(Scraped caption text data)
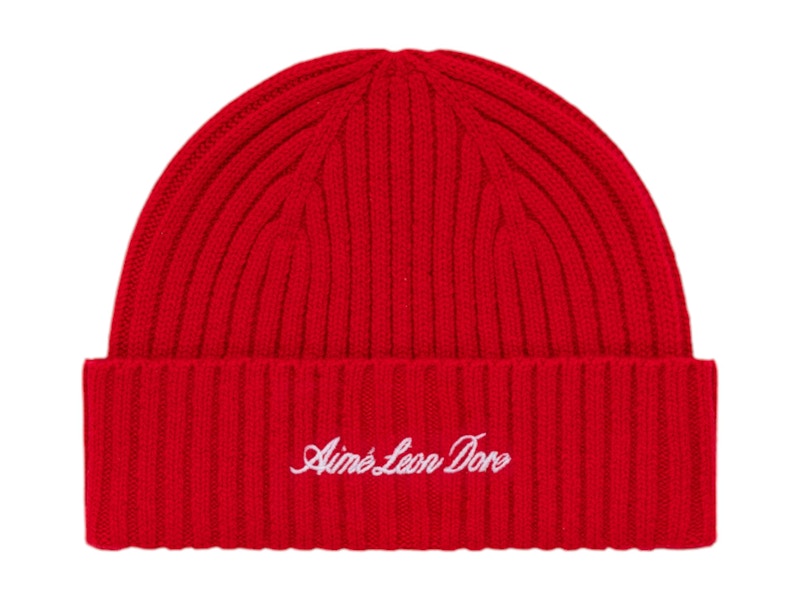 Aime Leon Dore x Porsche 993 Turbo Cashmere Beanie Tango Red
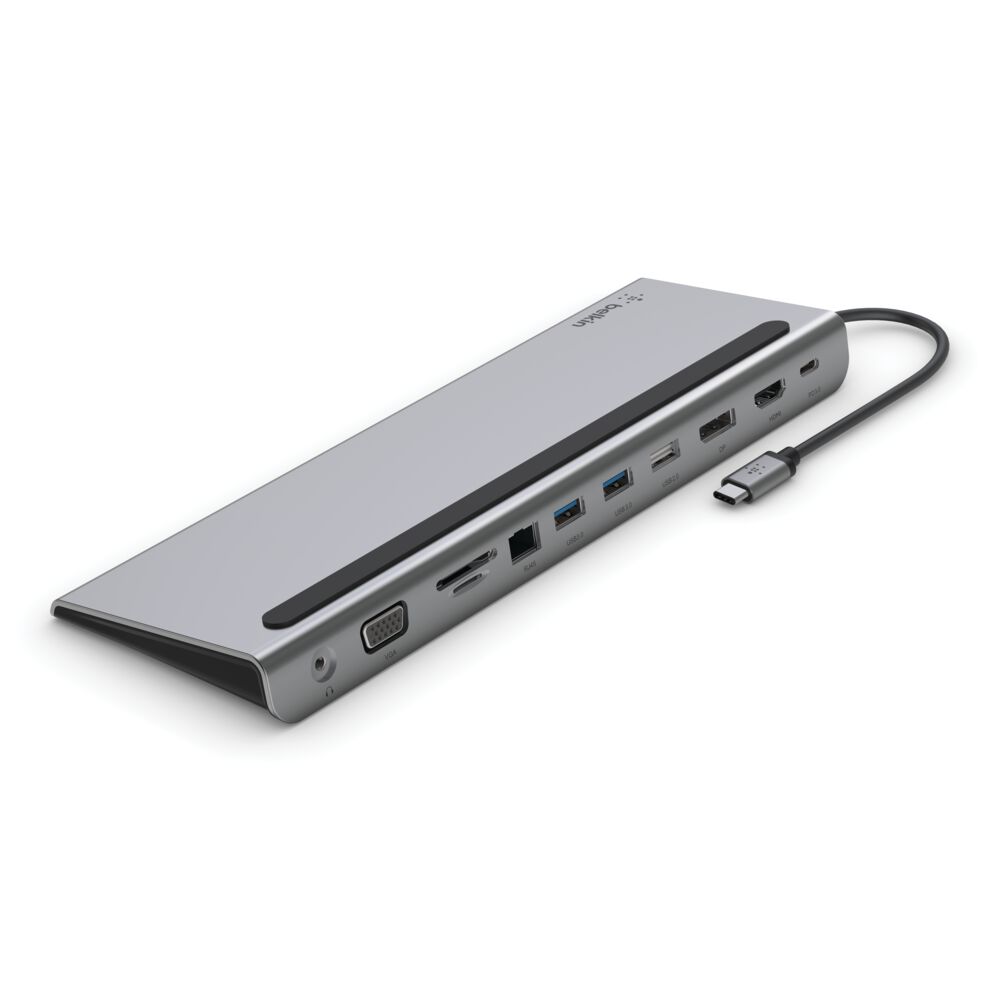 Belkin CONNECT 11-in-1 - Soporte multipuerto - USB-C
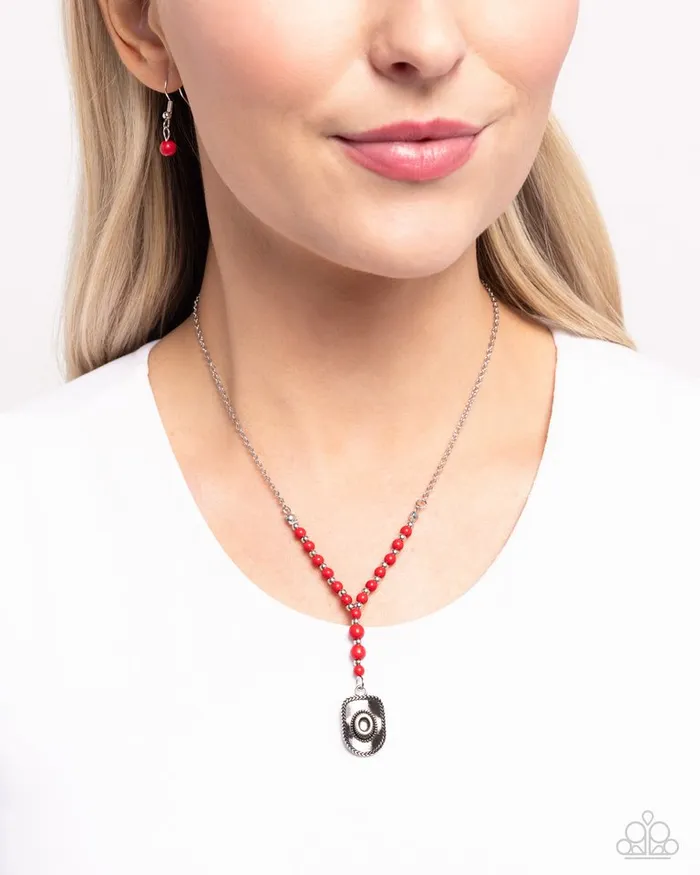 Paparazzi Necklace Southern Sheen Red Paparazzi Jewelry Necklaces
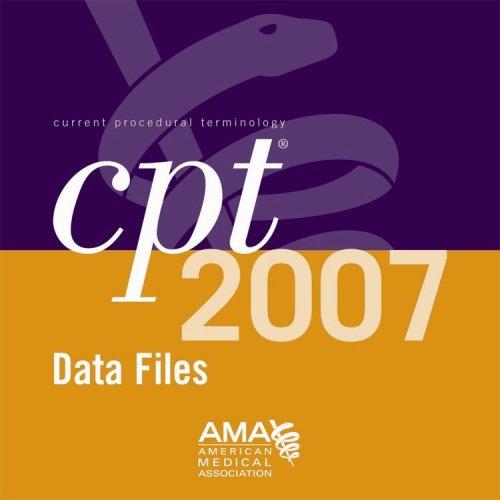Cover for CPT 2007 ASCII Data Files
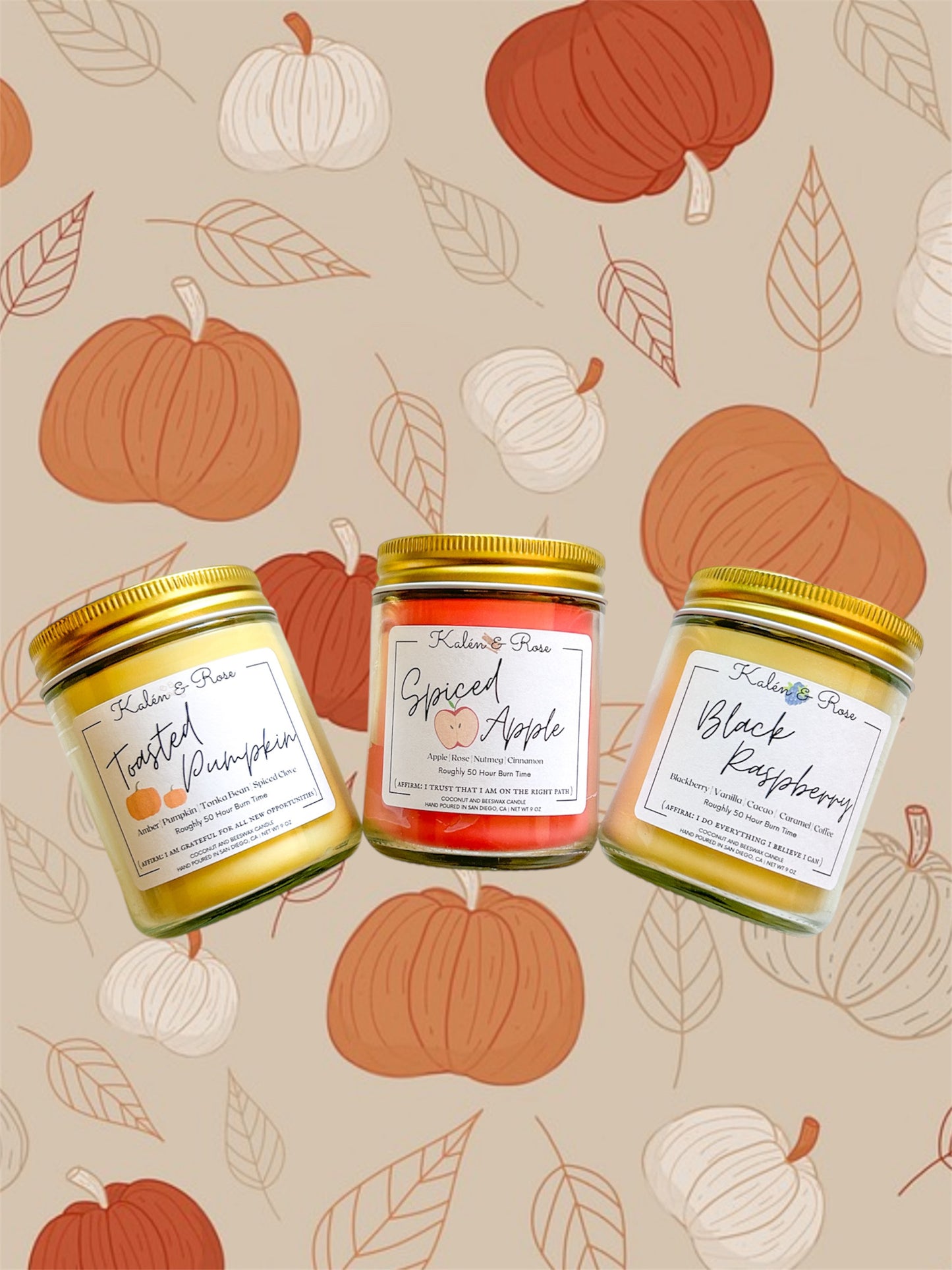 sweet fall candles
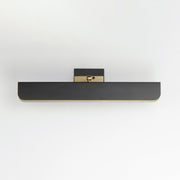 Miles 24" Articulating LED Picture Light in Black / Natural Aged Brass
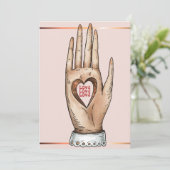 ハートホールハンドラヴハッピーバレンタインデー シーズンカード (スタンド正面)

:: WHAT YOU HAVE TO DO ::
Retype exactly the lines above, starting at the line containing "Natural Aged Brass" and ending with the last line, both included; leave out the pictures.

:: TASK OUTPUT ::
 Miles 24" Articulating LED Picture Light in Black / Natural Aged Brass
 ハートホールハンドラヴハッピーバレンタインデー シーズンカード (スタンド正面)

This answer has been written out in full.